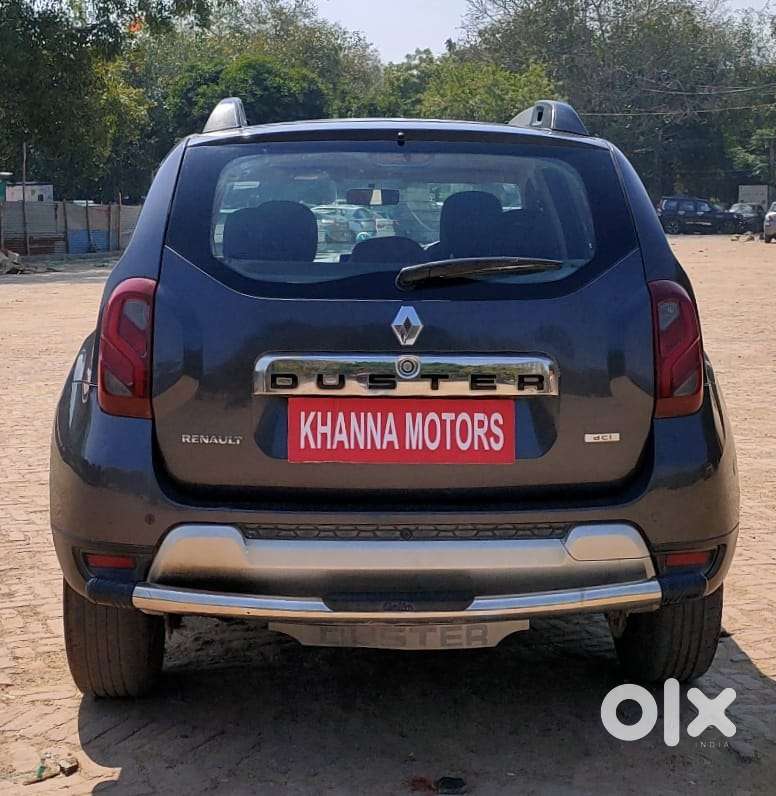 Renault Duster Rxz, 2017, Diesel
● ● ● ● ●
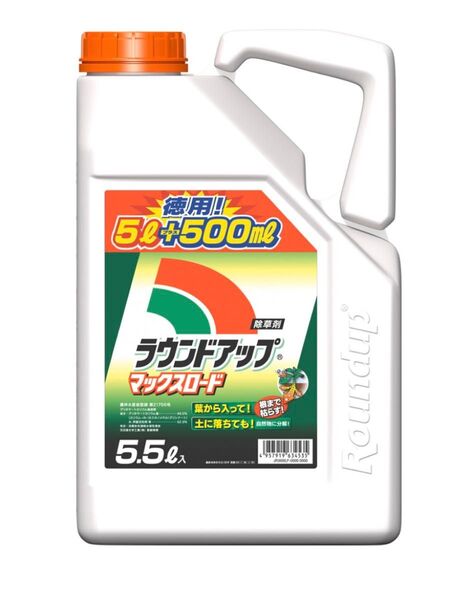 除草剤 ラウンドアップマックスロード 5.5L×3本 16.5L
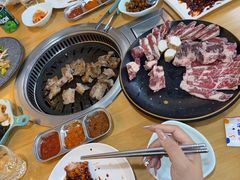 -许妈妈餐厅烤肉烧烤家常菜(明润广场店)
● ● ● ● ●
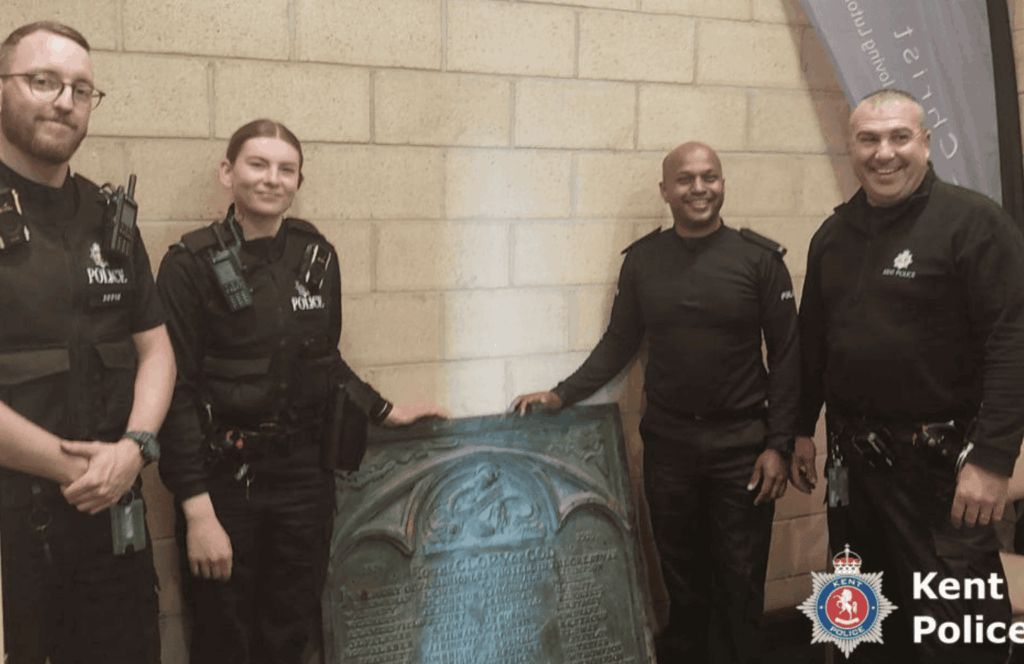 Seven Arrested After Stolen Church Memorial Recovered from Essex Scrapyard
● ● ● ● ●
→ Aim of the exercise
Your output should be the lines above from the one that contains "除草剤 ラウンドアップマックスロード 5.5L×3本 16.5L" through the one that contains "-许妈妈餐厅烤肉烧烤家常菜(明润广场店)", word for word, with pictures left out.

→ Written response
 除草剤 ラウンドアップマックスロード 5.5L×3本 16.5L
 -许妈妈餐厅烤肉烧烤家常菜(明润广场店)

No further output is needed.